---------- Data provided

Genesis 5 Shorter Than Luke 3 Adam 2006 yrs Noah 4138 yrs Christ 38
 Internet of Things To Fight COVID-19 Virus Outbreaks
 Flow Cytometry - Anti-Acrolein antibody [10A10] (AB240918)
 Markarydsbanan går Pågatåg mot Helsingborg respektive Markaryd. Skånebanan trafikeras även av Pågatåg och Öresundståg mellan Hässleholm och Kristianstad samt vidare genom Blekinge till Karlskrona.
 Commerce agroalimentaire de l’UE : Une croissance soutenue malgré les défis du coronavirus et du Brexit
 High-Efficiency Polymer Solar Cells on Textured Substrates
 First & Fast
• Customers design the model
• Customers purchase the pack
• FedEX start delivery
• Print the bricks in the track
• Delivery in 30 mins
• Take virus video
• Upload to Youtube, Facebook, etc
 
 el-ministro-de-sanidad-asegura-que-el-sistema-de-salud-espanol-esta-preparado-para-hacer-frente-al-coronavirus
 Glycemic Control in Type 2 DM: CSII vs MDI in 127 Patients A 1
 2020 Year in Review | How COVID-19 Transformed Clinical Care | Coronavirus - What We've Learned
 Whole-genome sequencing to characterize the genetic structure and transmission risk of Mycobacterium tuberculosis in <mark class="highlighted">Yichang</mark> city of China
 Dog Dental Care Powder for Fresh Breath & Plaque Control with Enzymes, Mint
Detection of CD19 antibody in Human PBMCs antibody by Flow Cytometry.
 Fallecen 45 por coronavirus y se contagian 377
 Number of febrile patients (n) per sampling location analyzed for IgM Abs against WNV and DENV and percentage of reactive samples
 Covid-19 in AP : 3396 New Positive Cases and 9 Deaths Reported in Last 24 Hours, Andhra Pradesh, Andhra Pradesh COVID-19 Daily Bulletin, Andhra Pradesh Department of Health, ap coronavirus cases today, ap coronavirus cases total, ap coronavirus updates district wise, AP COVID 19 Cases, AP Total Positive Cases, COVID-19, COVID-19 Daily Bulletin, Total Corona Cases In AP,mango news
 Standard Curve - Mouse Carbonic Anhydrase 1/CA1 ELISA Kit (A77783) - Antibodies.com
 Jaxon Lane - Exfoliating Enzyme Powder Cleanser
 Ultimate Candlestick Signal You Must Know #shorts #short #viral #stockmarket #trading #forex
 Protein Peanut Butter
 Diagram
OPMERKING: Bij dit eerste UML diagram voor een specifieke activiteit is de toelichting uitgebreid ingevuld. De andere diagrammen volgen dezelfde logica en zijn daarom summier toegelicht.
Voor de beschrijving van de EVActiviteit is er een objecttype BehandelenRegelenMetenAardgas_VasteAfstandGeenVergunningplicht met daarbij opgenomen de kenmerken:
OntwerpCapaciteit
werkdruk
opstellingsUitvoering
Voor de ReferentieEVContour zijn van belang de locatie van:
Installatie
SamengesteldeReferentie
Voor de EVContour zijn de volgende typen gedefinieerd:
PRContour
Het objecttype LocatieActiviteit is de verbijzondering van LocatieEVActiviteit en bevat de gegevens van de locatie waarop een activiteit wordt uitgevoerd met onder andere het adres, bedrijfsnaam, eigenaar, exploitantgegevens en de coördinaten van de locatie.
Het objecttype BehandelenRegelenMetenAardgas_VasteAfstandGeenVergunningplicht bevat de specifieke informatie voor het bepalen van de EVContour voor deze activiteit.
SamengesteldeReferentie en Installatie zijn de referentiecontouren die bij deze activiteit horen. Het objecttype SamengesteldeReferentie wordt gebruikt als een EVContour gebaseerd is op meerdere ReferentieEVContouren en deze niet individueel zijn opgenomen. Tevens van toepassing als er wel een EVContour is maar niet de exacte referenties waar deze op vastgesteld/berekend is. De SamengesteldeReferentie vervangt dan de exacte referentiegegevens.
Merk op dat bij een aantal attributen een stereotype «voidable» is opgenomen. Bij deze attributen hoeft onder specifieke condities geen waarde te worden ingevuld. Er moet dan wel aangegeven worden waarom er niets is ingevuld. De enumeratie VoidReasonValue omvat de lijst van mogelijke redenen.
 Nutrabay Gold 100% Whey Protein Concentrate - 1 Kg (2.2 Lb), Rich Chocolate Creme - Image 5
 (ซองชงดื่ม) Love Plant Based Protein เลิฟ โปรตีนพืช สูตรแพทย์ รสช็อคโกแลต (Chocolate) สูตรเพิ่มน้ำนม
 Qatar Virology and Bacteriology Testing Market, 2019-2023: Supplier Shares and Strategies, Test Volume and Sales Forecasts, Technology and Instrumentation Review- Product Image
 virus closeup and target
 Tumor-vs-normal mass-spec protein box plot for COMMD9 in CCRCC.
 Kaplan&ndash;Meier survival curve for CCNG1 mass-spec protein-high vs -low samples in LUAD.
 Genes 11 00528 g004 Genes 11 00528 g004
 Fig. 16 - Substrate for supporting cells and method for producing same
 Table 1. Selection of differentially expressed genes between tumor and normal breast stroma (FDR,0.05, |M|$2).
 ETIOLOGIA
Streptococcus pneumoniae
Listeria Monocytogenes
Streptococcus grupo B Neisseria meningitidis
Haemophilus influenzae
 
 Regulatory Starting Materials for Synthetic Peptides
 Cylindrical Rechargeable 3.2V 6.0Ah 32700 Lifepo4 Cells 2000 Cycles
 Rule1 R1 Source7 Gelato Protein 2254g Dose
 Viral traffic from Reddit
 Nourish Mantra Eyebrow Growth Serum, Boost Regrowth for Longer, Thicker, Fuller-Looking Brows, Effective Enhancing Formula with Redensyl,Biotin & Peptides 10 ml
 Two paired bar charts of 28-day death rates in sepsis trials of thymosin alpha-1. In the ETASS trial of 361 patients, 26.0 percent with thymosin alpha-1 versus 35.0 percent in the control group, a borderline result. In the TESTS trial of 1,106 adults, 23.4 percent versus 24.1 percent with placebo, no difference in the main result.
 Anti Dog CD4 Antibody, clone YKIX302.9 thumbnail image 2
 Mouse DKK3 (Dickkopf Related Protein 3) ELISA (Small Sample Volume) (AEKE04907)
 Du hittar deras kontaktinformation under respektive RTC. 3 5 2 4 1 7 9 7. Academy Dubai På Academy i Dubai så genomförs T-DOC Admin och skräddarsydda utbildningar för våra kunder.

--------------------

# Problem to work on
None of the records may be omitted or altered when they are given again.

# Answer section
Genesis 5 Shorter Than Luke 3 Adam 2006 yrs Noah 4138 yrs Christ 38
 Internet of Things To Fight COVID-19 Virus Outbreaks
 Flow Cytometry - Anti-Acrolein antibody [10A10] (AB240918)
 Markarydsbanan går Pågatåg mot Helsingborg respektive Markaryd. Skånebanan trafikeras även av Pågatåg och Öresundståg mellan Hässleholm och Kristianstad samt vidare genom Blekinge till Karlskrona.
 Commerce agroalimentaire de l’UE : Une croissance soutenue malgré les défis du coronavirus et du Brexit
 High-Efficiency Polymer Solar Cells on Textured Substrates
 First & Fast
• Customers design the model
• Customers purchase the pack
• FedEX start delivery
• Print the bricks in the track
• Delivery in 30 mins
• Take virus video
• Upload to Youtube, Facebook, etc
 
 el-ministro-de-sanidad-asegura-que-el-sistema-de-salud-espanol-esta-preparado-para-hacer-frente-al-coronavirus
 Glycemic Control in Type 2 DM: CSII vs MDI in 127 Patients A 1
 2020 Year in Review | How COVID-19 Transformed Clinical Care | Coronavirus - What We've Learned
 Whole-genome sequencing to characterize the genetic structure and transmission risk of Mycobacterium tuberculosis in <mark class="highlighted">Yichang</mark> city of China
 Dog Dental Care Powder for Fresh Breath & Plaque Control with Enzymes, Mint
Detection of CD19 antibody in Human PBMCs antibody by Flow Cytometry.
 Fallecen 45 por coronavirus y se contagian 377
 Number of febrile patients (n) per sampling location analyzed for IgM Abs against WNV and DENV and percentage of reactive samples
 Covid-19 in AP : 3396 New Positive Cases and 9 Deaths Reported in Last 24 Hours, Andhra Pradesh, Andhra Pradesh COVID-19 Daily Bulletin, Andhra Pradesh Department of Health, ap coronavirus cases today, ap coronavirus cases total, ap coronavirus updates district wise, AP COVID 19 Cases, AP Total Positive Cases, COVID-19, COVID-19 Daily Bulletin, Total Corona Cases In AP,mango news
 Standard Curve - Mouse Carbonic Anhydrase 1/CA1 ELISA Kit (A77783) - Antibodies.com
 Jaxon Lane - Exfoliating Enzyme Powder Cleanser
 Ultimate Candlestick Signal You Must Know #shorts #short #viral #stockmarket #trading #forex
 Protein Peanut Butter
 Diagram
OPMERKING: Bij dit eerste UML diagram voor een specifieke activiteit is de toelichting uitgebreid ingevuld. De andere diagrammen volgen dezelfde logica en zijn daarom summier toegelicht.
Voor de beschrijving van de EVActiviteit is er een objecttype BehandelenRegelenMetenAardgas_VasteAfstandGeenVergunningplicht met daarbij opgenomen de kenmerken:
OntwerpCapaciteit
werkdruk
opstellingsUitvoering
Voor de ReferentieEVContour zijn van belang de locatie van:
Installatie
SamengesteldeReferentie
Voor de EVContour zijn de volgende typen gedefinieerd:
PRContour
Het objecttype LocatieActiviteit is de verbijzondering van LocatieEVActiviteit en bevat de gegevens van de locatie waarop een activiteit wordt uitgevoerd met onder andere het adres, bedrijfsnaam, eigenaar, exploitantgegevens en de coördinaten van de locatie.
Het objecttype BehandelenRegelenMetenAardgas_VasteAfstandGeenVergunningplicht bevat de specifieke informatie voor het bepalen van de EVContour voor deze activiteit.
SamengesteldeReferentie en Installatie zijn de referentiecontouren die bij deze activiteit horen. Het objecttype SamengesteldeReferentie wordt gebruikt als een EVContour gebaseerd is op meerdere ReferentieEVContouren en deze niet individueel zijn opgenomen. Tevens van toepassing als er wel een EVContour is maar niet de exacte referenties waar deze op vastgesteld/berekend is. De SamengesteldeReferentie vervangt dan de exacte referentiegegevens.
Merk op dat bij een aantal attributen een stereotype «voidable» is opgenomen. Bij deze attributen hoeft onder specifieke condities geen waarde te worden ingevuld. Er moet dan wel aangegeven worden waarom er niets is ingevuld. De enumeratie VoidReasonValue omvat de lijst van mogelijke redenen.
 Nutrabay Gold 100% Whey Protein Concentrate - 1 Kg (2.2 Lb), Rich Chocolate Creme - Image 5
 (ซองชงดื่ม) Love Plant Based Protein เลิฟ โปรตีนพืช สูตรแพทย์ รสช็อคโกแลต (Chocolate) สูตรเพิ่มน้ำนม
 Qatar Virology and Bacteriology Testing Market, 2019-2023: Supplier Shares and Strategies, Test Volume and Sales Forecasts, Technology and Instrumentation Review- Product Image
 virus closeup and target
 Tumor-vs-normal mass-spec protein box plot for COMMD9 in CCRCC.
 Kaplan&ndash;Meier survival curve for CCNG1 mass-spec protein-high vs -low samples in LUAD.
 Genes 11 00528 g004 Genes 11 00528 g004
 Fig. 16 - Substrate for supporting cells and method for producing same
 Table 1. Selection of differentially expressed genes between tumor and normal breast stroma (FDR,0.05, |M|$2).
 ETIOLOGIA
Streptococcus pneumoniae
Listeria Monocytogenes
Streptococcus grupo B Neisseria meningitidis
Haemophilus influenzae
 
 Regulatory Starting Materials for Synthetic Peptides
 Cylindrical Rechargeable 3.2V 6.0Ah 32700 Lifepo4 Cells 2000 Cycles
 Rule1 R1 Source7 Gelato Protein 2254g Dose
 Viral traffic from Reddit
 Nourish Mantra Eyebrow Growth Serum, Boost Regrowth for Longer, Thicker, Fuller-Looking Brows, Effective Enhancing Formula with Redensyl,Biotin & Peptides 10 ml
 Two paired bar charts of 28-day death rates in sepsis trials of thymosin alpha-1. In the ETASS trial of 361 patients, 26.0 percent with thymosin alpha-1 versus 35.0 percent in the control group, a borderline result. In the TESTS trial of 1,106 adults, 23.4 percent versus 24.1 percent with placebo, no difference in the main result.
 Anti Dog CD4 Antibody, clone YKIX302.9 thumbnail image 2
 Mouse DKK3 (Dickkopf Related Protein 3) ELISA (Small Sample Volume) (AEKE04907)
 Du hittar deras kontaktinformation under respektive RTC. 3 5 2 4 1 7 9 7. Academy Dubai På Academy i Dubai så genomförs T-DOC Admin och skräddarsydda utbildningar för våra kunder.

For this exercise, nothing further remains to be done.